» **BRIEF**
Nothing but the pictures is dropped; write out all the remaining data below exactly.

» **RECORDS SHOWN**

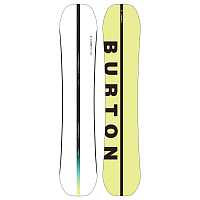 Burton Custom 158W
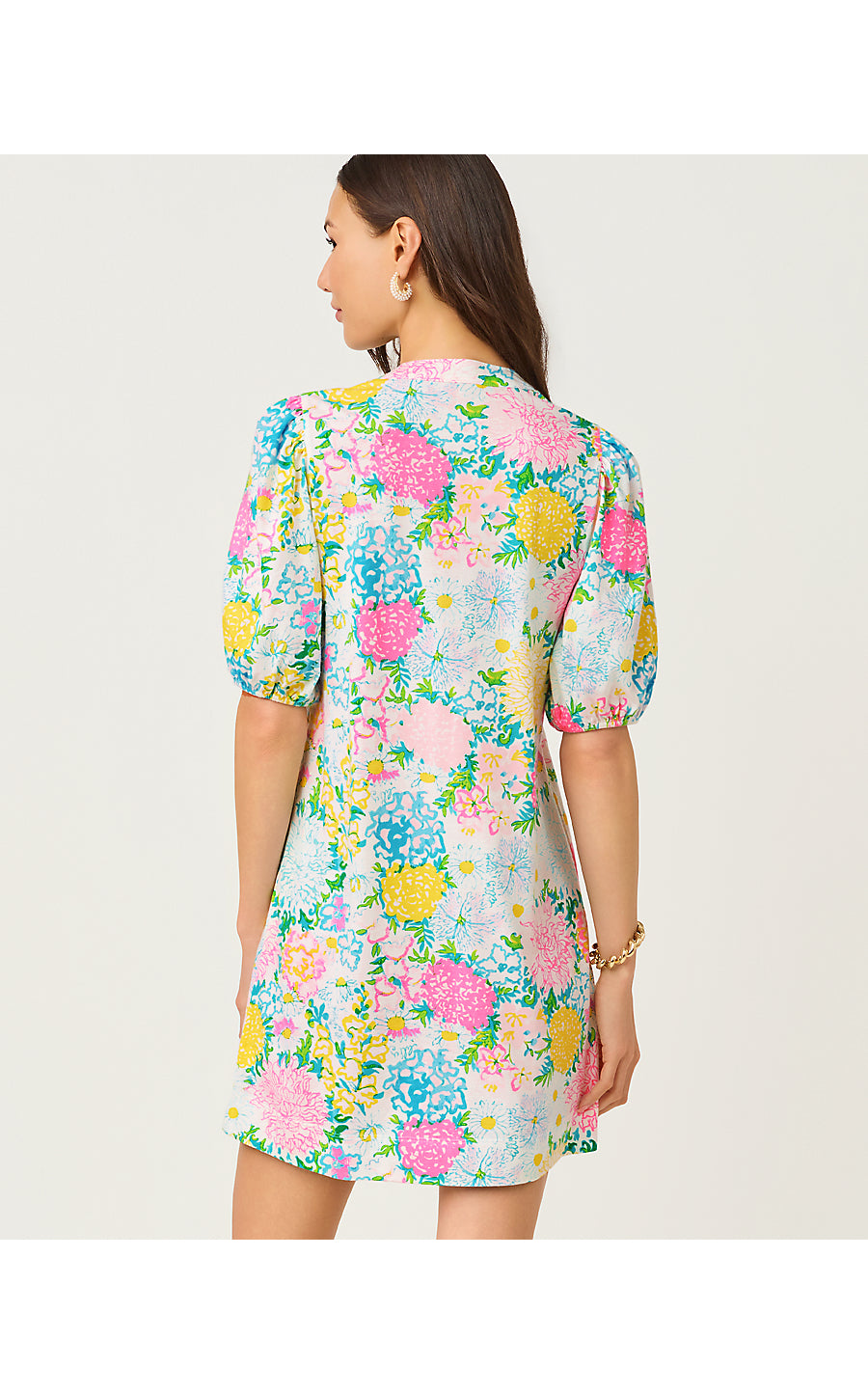 CAREY DRESS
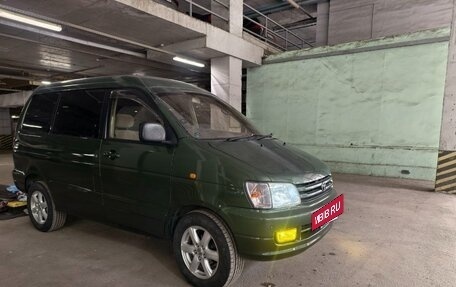 Toyota Town Ace III, 1997 год, 720 000 рублей, 9 фотография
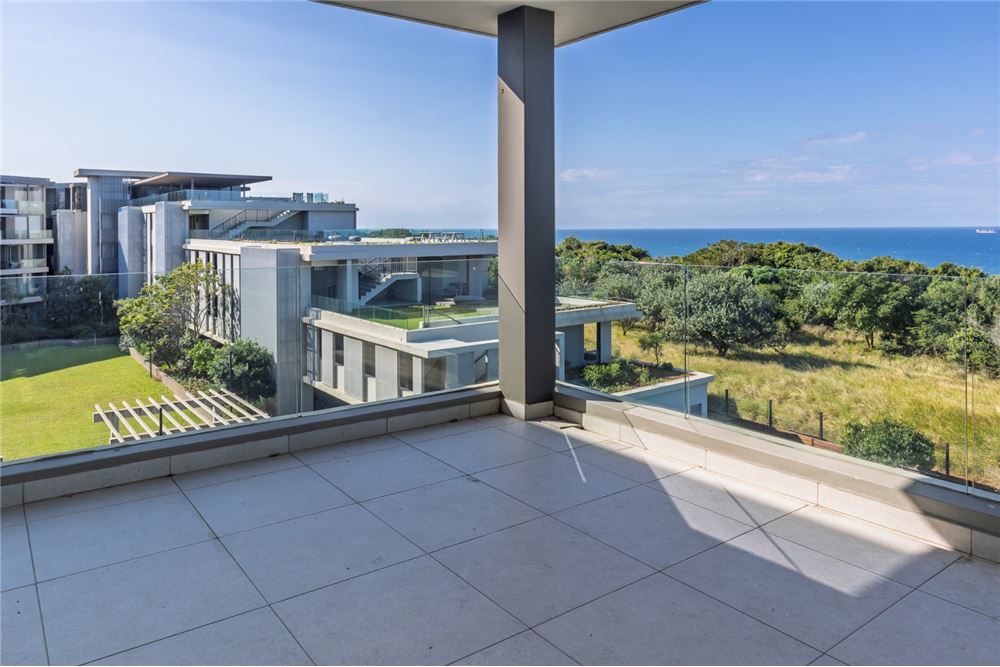 Residential - Condo/Apartment - Sibaya, KwaZulu Natal - South Africa - 13 - 1031465114-45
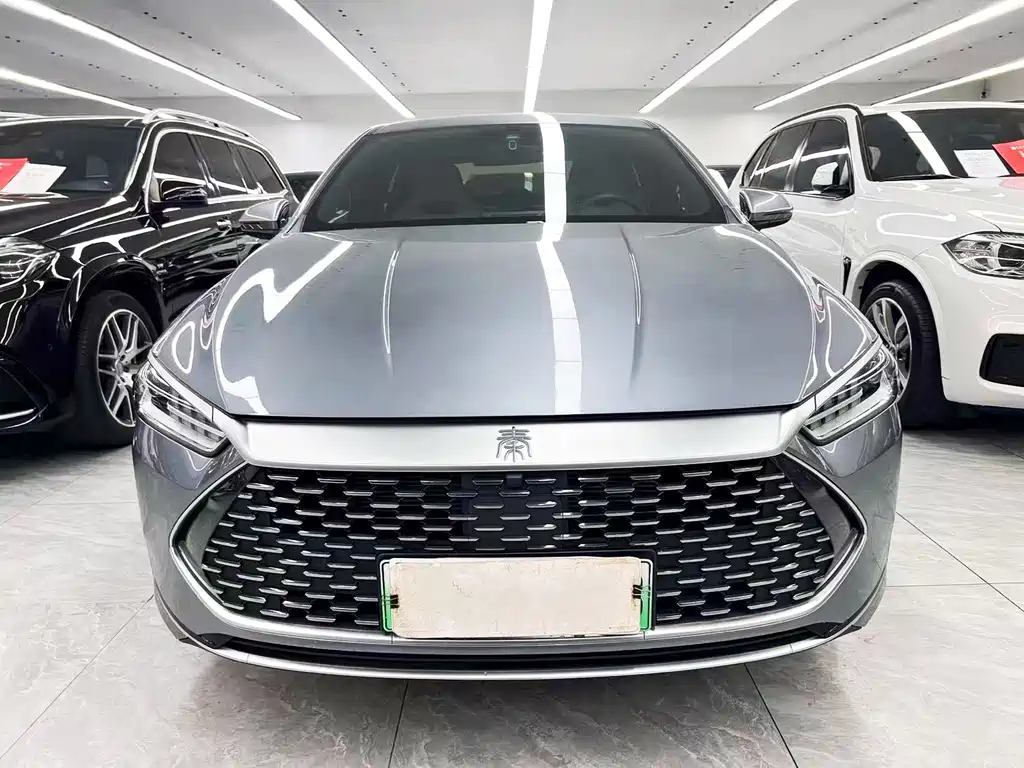BYD Qin PLUS — миниатюра 2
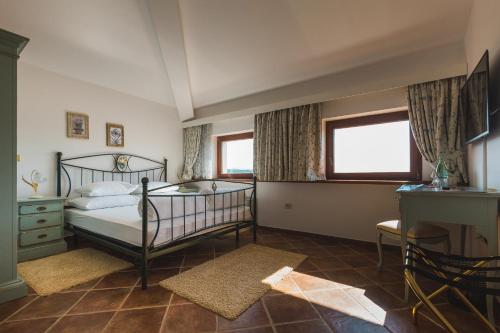 B&B Palazzo Angelica Adults Only B&B Palazzo Angelica Adults Only图片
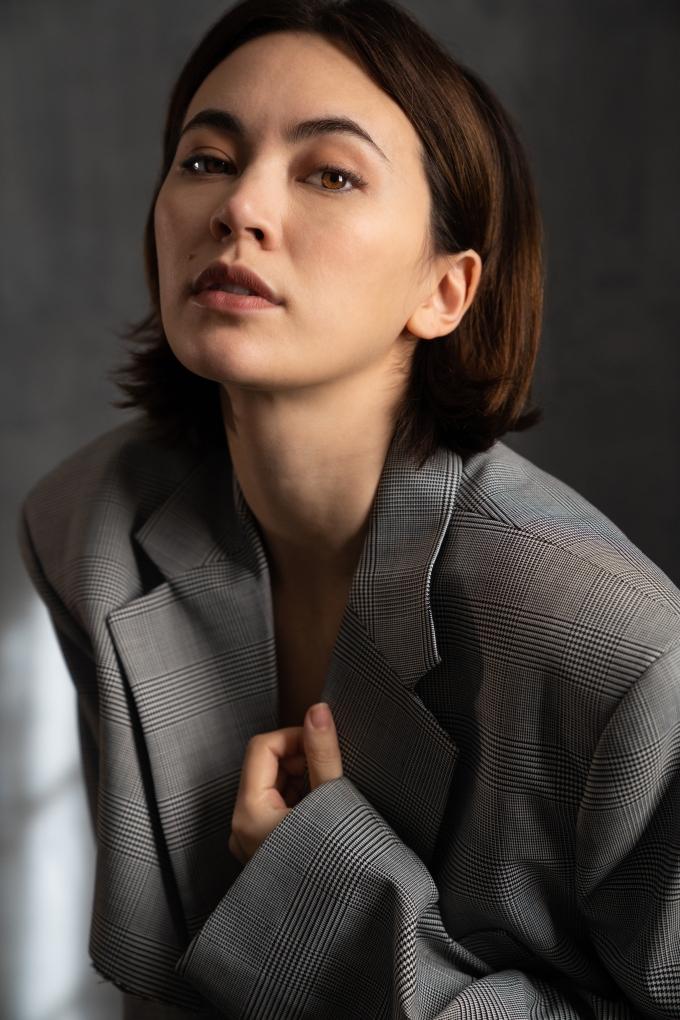 Jessica Henwick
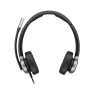 cuffie hp poly mission 625 stereo con microfono nero [uhpoybnp0000107]
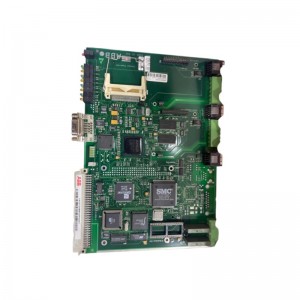 Abb 560CMU80R1 1KGT008800R0001 Communication Module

» **SOLUTION**
 Burton Custom 158W
 CAREY DRESS
 Toyota Town Ace III, 1997 год, 720 000 рублей, 9 фотография
 Residential - Condo/Apartment - Sibaya, KwaZulu Natal - South Africa - 13 - 1031465114-45
BYD Qin PLUS — миниатюра 2
 B&B Palazzo Angelica Adults Only B&B Palazzo Angelica Adults Only图片
 Jessica Henwick
 cuffie hp poly mission 625 stereo con microfono nero [uhpoybnp0000107]
 Abb 560CMU80R1 1KGT008800R0001 Communication Module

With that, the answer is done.